No child labor, no environmental destruction: The German supply chain law is intended to set standards worldwide, says ex-development minister and head of UNIDO Gerd Müller.

Global supply chains account for eighty percent of world trade. They reach all parts of the world: coltan for our smartphones is mined in the Congo, the lion’s share of our clothing is sewn in Southeast Asia. A container ship from Asia has 120 million pairs of shoes on board on its way to Hamburg.

This worldwide exchange of goods and knowledge has accelerated many developments and contributed to the fact that global economic output has almost quadrupled since 1990, global trade has increased sixfold and income and prosperity have increased.

However, the previous form of globalization also has its downsides: Many companies are relocating their production to developing countries and are deliberately externalizing the social and environmental costs. It’s always cheap, cheap – that’s only possible at the expense of people and nature. Take a pair of jeans. We have it in our shop for 50 or 100 euros. In Ethiopia or Bangladesh it can be made for just five dollars.

For the seamstresses, this often means: 14-hour shifts in stuffy factories, no fire protection, termination in case of pregnancy. And that for an hourly wage of 20 or 40 cents. They often cannot even pay their children’s school fees from this. This is pure exploitation on the 19th century model.

When the Rana Plaza garment factory in Bangladesh collapsed in 2013, 1,135 seamstresses died. An unimaginable catastrophe. I’ve seen the rubble, spoken to survivors. The accident shows the conditions under which many of the 75 million textile workers worldwide still toil today – also for our clothes.

“Continue like this” is not possible. Not even in times of crisis.
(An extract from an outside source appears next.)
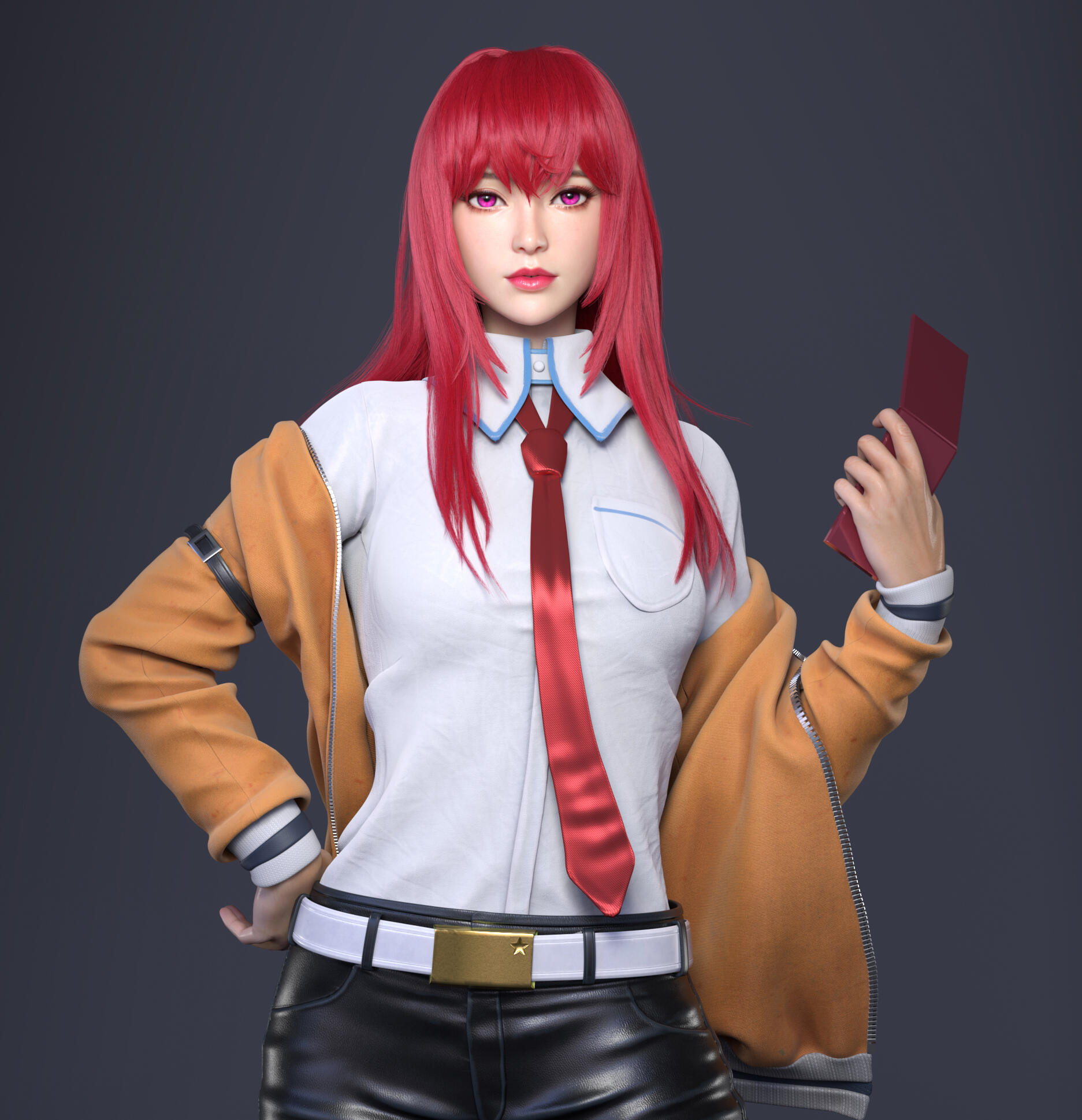 大家好,这是我这一阶段性的学习作品,人设来自日漫命运石之门,加入了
Large global companies in particular have a responsibility to tackle the problems. They have the market power and resources. But despite many pioneers, they still don’t do it enough.

This is where the German supply chain law comes in. When it starts on January 1, 2023, it will be the most progressive law on sustainable supply chain management in the world. All companies in Germany with more than 3000 employees are then obliged to ensure compliance with basic human rights standards such as the ban on forced and child labor in their supply chains.

And that makes good business sense: More and more consumers are attaching importance to sustainability. Studies assume that up to three quarters consciously look for fair and sustainable products when shopping – and the trend is rising. When companies don’t actively address human rights and environmental risks in their supply chains, more and more customers are turned off.

This makes sense from an investment point of view: more and more investors are paying attention to sustainability ratings based on so-called ESG criteria (environment, social, governance). From now on, companies can advertise that they are demonstrably fulfilling their duty of care by complying with the Supply Chain Act and that T-shirts or chocolate bars are not manufactured with disregard for people and the environment.

With the law, German companies are well prepared for the requirements that will come at EU level. Brussels has already presented a proposal for an EU-wide directive on corporate due diligence, which is based on German law and should be adopted at the end of 2023.

This makes economic and trade policy sense: The law requires companies to deal consistently with their supply chains and their “weak points”. Those who identify risks and know their suppliers can build more robust and resilient supply chains. Companies are prepared in this way and can better guarantee security of supply in times of crisis. The current crises have also shown this.

It is precisely this change that we must support at multilateral level. With UNIDO, the United Nations Industrial Development Organization, we are working on globally binding ecological and social standards for production and trade. We want to win more companies for sustainable supply chains, the textile seal “Green Button” in Germany shows that it is possible. And we will support suppliers so that they can actually implement the social and ecological standards.

Ultimately, there must be sustainable local industrialization that reduces poverty and creates good jobs. This is the only way for the Supply Chain Act to achieve its intended effect in its entirety.

Editor’s note: This article appeared in the FOCUS section of Die Welt in 2023.